By Richard O Smith

I’m strolling along George Street on a Friday evening when my subconscious brain triggers a threat alarm. It signals to my conscious mind that I’m in imminent danger.

Although I’m theoretically safe on the pavement, there appears to be a speeding black cab heading straight towards me. A taxi steers across the road and brakes aggressively, stopping disconcertingly close.

The cab spills out a giggle of girls onto the pavement. They are already blatantly inebriated and, between the four of them, wearing sufficient clothes to adequately dress one person in public.

The last one out is carrying a bottle of lager in one hand and an inflatable phallus in the other. Completing this Hogarthian 2018 reboot is a pile of vomit land-mining the pavement in front of me awaiting my squelching size-11 Timberlands. At this point I think to myself: “Oh sweet city with her Dreaming Spires, she needs not June for beauty’s heightening.” Or perhaps this wasn’t the exact view of Oxford Matthew Arnold had in mind?

This encounter causes me to walk faster, even though I’m early, anxious to reach the civilising presence of my chosen venue for a wild Friday night out in Oxford: an, ahem, academic lecture on anthropology. Having concluded that I’ve done quite enough anthropological field-studies for the evening already – thank you very much. However the lecture will soon prove to be far from the indictment of civilisation I was expecting – but an affray to the senses highlighting humanity’s repellent violence.

As I wait for the lecture theatre to fill up, I dread the row behind me becoming occupied by the hen party I’d seen earlier. Though had that occurred it would have constituted the most unlikely thing to have happened. Anywhere. Ever. With the possible exception of Mrs Brown’s Boys getting commissioned for a second series.
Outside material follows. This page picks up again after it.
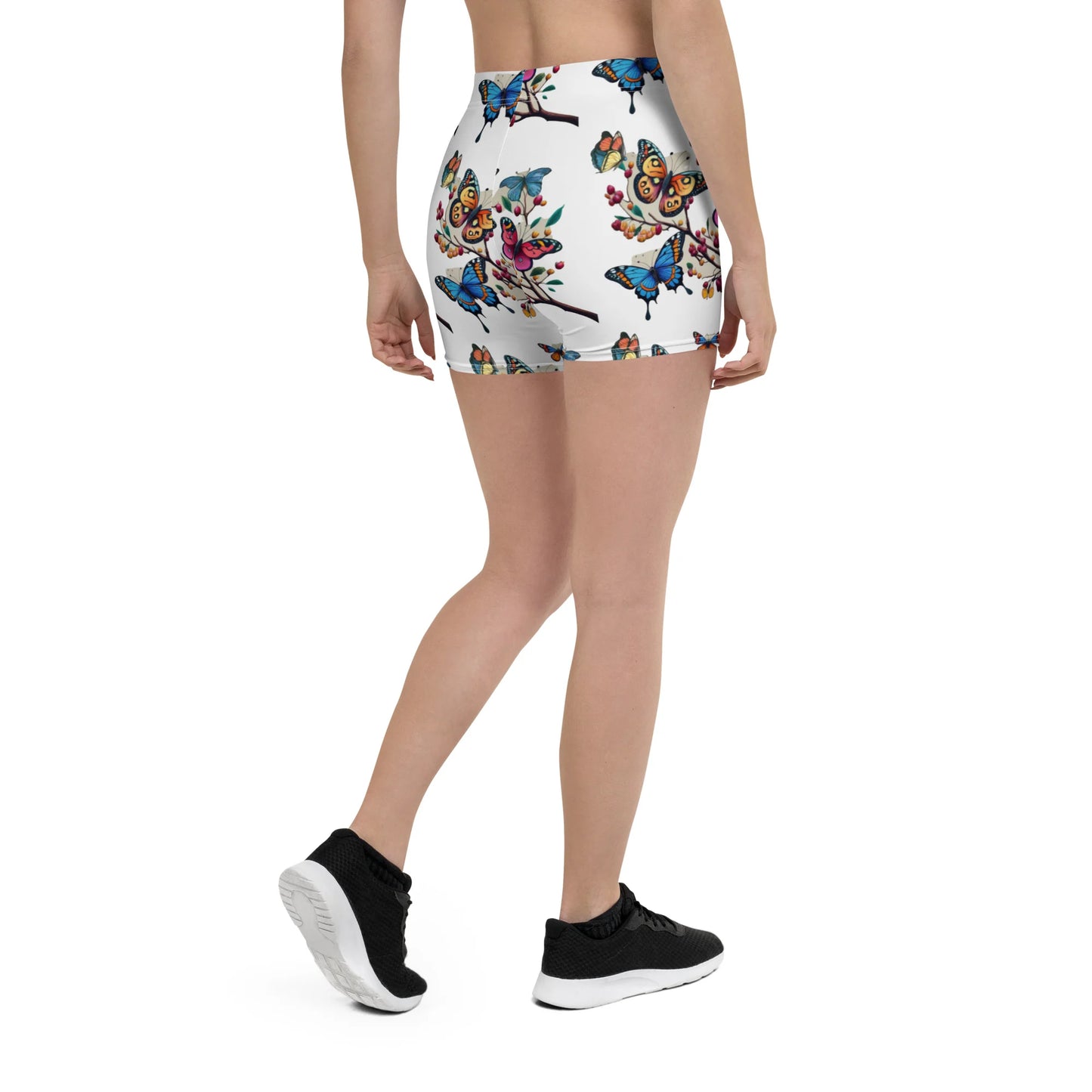 Yoga Fitness Women Shorts butterfly 1.0 Collection - DALSOMA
Inside the Victorian gothic splendour of the Pitt Rivers Museum a curator eventually dims the lights and commences a captivating talk to a meagre audience. The crowd may be small, but the subject is big. As is the museum’s collection.

He enthusiastically shows us a slide of an artefact. “This is one of 55,000 objects we have at the museum.” Clearly this talk may stray beyond the advertised 30 minutes if he has a PowerPoint slide of all the other 54,999.

There are some marvellously strange exhibits housed here. For instance he shows us an object that is specifically a whistle to lure anteaters. Try finding that in the Argos catalogue.

Encoring, he shows us spears, crossbows, blunderbusses, harpoons, daggers, pikes, man traps, swords and basically a lot of other stuff you’d need to dispose of quickly should there ever be a police raid on your house. “We have 3,000 spears,” he adds casually. “People don’t realise it’s quite a hazardous place to work.”

Certainly you wouldn’t want to experience employee grudges in this workplace environment given the easy access to such a waiting arsenal. Those ubiquitous handwritten workplace kitchen signs “ONLY take ONE biscuit at a time, and ONLY [triply underlined] if your contributions to the biscuit pool are FULLY up-to-date” would be rendered more unignorably ominous given the access to lethal weaponry here.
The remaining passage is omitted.